Personally, all the spam I get is filtered by procmail without any fancy statistical magic, or indeed, without looking at the body of the message at all. So if everyone could be like me the spam problem would go away.
But it seems that spam is a big problem for other people, and whilst I don't really worry about other people's problems very much when I have such a wide choice myself, spam filtering provides a nice thought exercise for a while. Not to mention a chance to lever in a few better ways of doing things
From a technical point of view I would start a company that runs sweatshops filtering spam by hand. They would have to have fair language skills, but English is pretty commonplace and there are enough sweatshop labors so I keep getting told.
However, I have a few non-technical problems with running sweatshops and it doesn't involve very much code, so probably isn't much fun.
AMTP is a small extension to the SMTP protocol that makes TLS mandatory and sets an evil bit (more or less) for each message. If the sending host doesn't correctly set the evil bit then you have a CA issued identity to lynch.

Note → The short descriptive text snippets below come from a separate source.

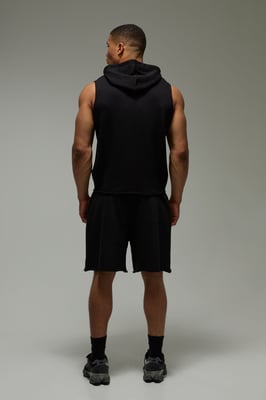 Man Active Boxing Sleeveless Hoodie
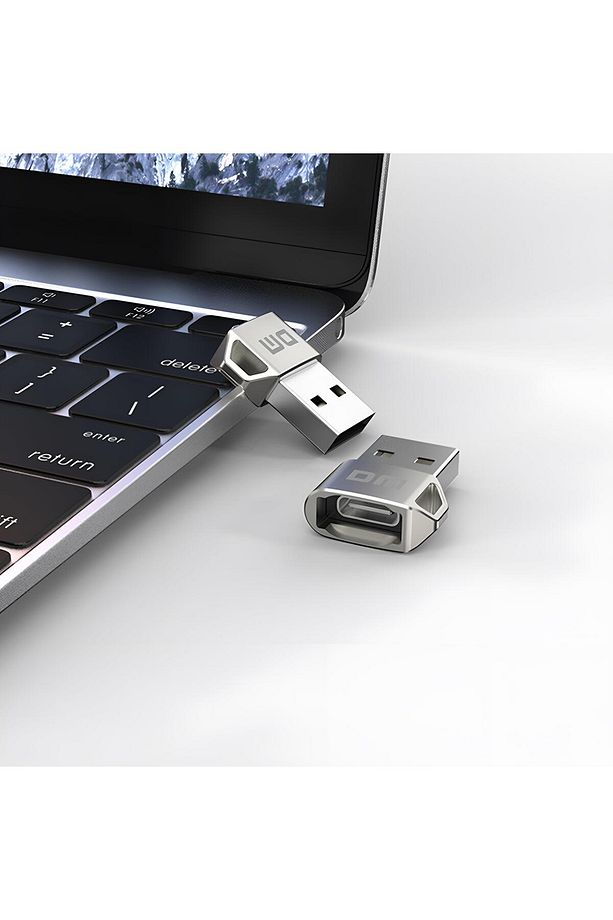 Ad038 Usb To Type-c Metal Otg Çevirici Dönüştürücü Adaptör - 3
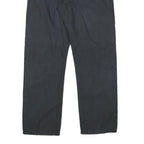 BOSS Mens Cotton Blend Black Regular Straight Trousers W30 L29 Smart Casual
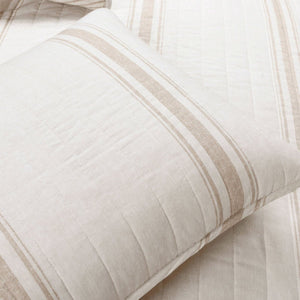 Farmhouse Stripe Reversible Cotton Quilt Set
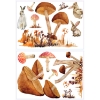 Picture of Mushroom Giant Peel and Stick Wall Decals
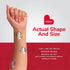 BioSwiss 24 Count Unicorn Shaped Self Adhesive Bandages - Fun First Aid Kit for Kids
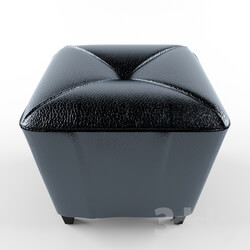 Other soft seating - Leather pouf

This is basically a 2-level trust tree. Everyone trusts the elite CAs and they trust all the ISPs in the world and so on. The major problem with this being that a CA issued identity costs, lots. From a management point of view this might seem like a very good idea. Get all those geeks off the Internet and then we can get down to making money off it ... somehow.
But it's making email sending exclusive (because it's expensive) and this is our end-to-end network goddammit.
There has been plenty of good work done by the reputation people about this sort of thing. But generally they are considering how to deal with reputation when you hold the whole graph. (Though anyone should feel free to point me at a paper which solves these issues). Dealing with reputation when one can only see a couple of small areas of the graph is a whole different matter.
Consider a simple system when a node (person) is free to setup a directed arc (reputation certificate) to any other node. Each arc has a float between 0..1 which indicates how confident the source is, that the destination will not send spam. Also assume that a node will accept a message if the sender can show a path from the target to the sender such that the product of all the arc weights is greater than 0.1.
Without a good knowledge of the graph, the sender isn't going to be able to find such a path, even if it exists. Assuming that there is a way to walk the graph, it's going to take a connection-request-reply to lots of different servers to get the information. (Because we wouldn't have it on one central server as that would be Bad).
See the aside below in which I contradict myself after you have read the rest.
However, most of the time I'm exchanging email with people that I have a good contact with. Messages which would require many hops of the trust graph are quite rare.
Thus it would be perfectly possible for search servers to hold much of the graph in memory. There wouldn't be a single central search server (as that would be Bad), but there wouldn't need to be as the server need not be trusted as it cannot lie. Possibly that would be enough to make the system work.
Issues that I'm no going to think about till the morning... negative certs, caching issues, the problem of time delay if a trusted source goes 'bad' (which are all rooted in the same issue).
Above, I state that searching the trust network wouldn't work. But it occurs to me that it would be fairly simple to find a path quite efficiently.
The trust graph is going to have a power law distribution. I don't know why, but I would be very surprised if it didn't. So, starting from two points A and B, to find a path between them walk up the orders until up hit a common meeting point at a high order node.
Walking up from B assumes that much of the time if C trusts D, then D trusts C. Because you actually want to find a path, in the end, that goes down to B. This assumption makes the graph look `symmetricish' and so the trick might produce a path pretty quickly. Unfortunately, the symmetric assumption falls down for the high order nodes.